Kadangkala kamu ingin singgah di suatu tempat, tapi arus sungai membawamu ke tempat yang berbeda. Kalau memang kamu harus singgah di sana, ya nikmati saja. Kamu bisa mengisi perbekalanmu, memperbaiki perahumu, sembari bersiap untuk singgah di pelabuhan selanjutnya. Kalau memang arus sungai terlalu kuat, dan dayungmu tak cukup tenaga untuk melawannya, ya sudah ikuti saja. Biarkan Tuhan yang memegang kendali perahu kertasmu, biarkan Dia yang menahkodai hidupmu. Kadangkala kita tidak lebih tahu badai apa yang menanti di depan sana jika kita memaksakan diri untuk terus melaju.
Ada saatnya berlayar, ada saatnya bersandar. Ada saatnya mengikuti arus, ada saatnya melawan arus. Semua adalah seni yang harus dinikmati. Ke mana perahu kertas ini akan membawamu berlabuh…kamu tidak akan pernah tahu.
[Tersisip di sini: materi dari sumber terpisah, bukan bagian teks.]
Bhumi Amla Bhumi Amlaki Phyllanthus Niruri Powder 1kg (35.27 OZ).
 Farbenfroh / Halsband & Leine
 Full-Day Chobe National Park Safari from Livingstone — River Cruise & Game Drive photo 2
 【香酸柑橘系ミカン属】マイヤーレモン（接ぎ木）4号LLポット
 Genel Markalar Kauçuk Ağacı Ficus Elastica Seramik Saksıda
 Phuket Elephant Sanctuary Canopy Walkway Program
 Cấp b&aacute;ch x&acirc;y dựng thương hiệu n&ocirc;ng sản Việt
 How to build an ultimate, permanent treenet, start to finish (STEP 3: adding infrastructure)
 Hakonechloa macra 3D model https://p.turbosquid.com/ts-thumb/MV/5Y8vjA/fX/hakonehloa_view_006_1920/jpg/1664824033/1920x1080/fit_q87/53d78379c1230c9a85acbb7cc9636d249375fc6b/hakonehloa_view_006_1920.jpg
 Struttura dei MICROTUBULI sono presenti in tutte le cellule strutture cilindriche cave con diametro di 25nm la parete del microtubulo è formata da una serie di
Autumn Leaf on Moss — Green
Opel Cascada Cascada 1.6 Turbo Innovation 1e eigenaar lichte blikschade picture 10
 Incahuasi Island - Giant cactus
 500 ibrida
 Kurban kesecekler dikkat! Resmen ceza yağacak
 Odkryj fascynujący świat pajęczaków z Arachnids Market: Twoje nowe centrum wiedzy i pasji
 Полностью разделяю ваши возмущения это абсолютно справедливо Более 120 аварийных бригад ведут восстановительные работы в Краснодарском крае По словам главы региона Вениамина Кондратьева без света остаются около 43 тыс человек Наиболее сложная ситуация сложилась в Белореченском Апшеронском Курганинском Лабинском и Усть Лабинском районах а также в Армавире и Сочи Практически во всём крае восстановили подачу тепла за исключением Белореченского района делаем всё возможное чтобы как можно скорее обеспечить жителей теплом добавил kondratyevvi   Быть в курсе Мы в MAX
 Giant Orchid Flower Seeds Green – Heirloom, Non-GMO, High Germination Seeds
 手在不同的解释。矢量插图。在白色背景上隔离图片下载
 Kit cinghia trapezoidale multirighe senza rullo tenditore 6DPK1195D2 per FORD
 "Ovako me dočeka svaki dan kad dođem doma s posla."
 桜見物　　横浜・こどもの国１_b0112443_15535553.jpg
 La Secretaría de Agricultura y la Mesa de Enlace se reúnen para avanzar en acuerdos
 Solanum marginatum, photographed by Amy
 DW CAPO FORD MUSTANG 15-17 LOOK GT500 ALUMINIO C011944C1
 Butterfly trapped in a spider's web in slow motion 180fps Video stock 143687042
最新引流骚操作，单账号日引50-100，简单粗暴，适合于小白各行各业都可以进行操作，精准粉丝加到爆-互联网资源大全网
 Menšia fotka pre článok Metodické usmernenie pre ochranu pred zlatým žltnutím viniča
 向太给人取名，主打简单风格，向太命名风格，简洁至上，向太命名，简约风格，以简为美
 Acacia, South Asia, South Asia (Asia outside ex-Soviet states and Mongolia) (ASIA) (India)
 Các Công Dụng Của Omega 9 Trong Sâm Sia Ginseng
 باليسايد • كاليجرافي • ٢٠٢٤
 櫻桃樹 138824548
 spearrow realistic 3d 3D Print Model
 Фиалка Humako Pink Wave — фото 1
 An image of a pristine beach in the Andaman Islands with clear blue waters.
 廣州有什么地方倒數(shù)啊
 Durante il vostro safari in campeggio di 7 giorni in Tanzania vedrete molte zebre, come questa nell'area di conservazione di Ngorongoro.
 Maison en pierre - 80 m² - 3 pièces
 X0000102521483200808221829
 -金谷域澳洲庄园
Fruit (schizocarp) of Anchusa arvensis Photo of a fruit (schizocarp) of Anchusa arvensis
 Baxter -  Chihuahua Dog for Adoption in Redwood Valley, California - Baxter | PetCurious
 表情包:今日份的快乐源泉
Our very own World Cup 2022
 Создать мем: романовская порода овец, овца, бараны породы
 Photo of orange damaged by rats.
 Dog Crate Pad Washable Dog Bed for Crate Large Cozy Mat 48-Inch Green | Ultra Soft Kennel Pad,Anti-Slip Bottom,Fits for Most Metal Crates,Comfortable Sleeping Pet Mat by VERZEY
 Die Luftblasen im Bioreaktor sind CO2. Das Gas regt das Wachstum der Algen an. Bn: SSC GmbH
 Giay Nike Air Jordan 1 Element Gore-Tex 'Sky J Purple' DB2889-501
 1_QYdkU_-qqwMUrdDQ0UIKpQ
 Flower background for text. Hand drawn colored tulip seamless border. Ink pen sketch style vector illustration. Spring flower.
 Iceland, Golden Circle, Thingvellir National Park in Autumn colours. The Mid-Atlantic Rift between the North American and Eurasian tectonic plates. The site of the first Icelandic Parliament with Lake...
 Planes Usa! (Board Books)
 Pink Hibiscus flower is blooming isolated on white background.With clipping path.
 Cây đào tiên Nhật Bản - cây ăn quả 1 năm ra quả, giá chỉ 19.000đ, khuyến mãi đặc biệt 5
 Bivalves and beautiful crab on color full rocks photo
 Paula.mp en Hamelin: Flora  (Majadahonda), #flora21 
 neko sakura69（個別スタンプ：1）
Biar Tuhan saja yang menjadi nahkodanya…
nahkoda mmg mengarahkan setiap perahu…
tp ttp awak kapal yg memutuskan akan ikut perahu yg berlayar ke arah mana,hehe
bukan awak kapal yuk…kita ini penumpang yang memutuskan mau ikut kapal yang mana. gitu kali ya maksudmu?
nice one, but sometimes we need to face the truth that Our commander is doing some “rerouting” in our small boat calls life changing…:)
very true…! and we have to accept that…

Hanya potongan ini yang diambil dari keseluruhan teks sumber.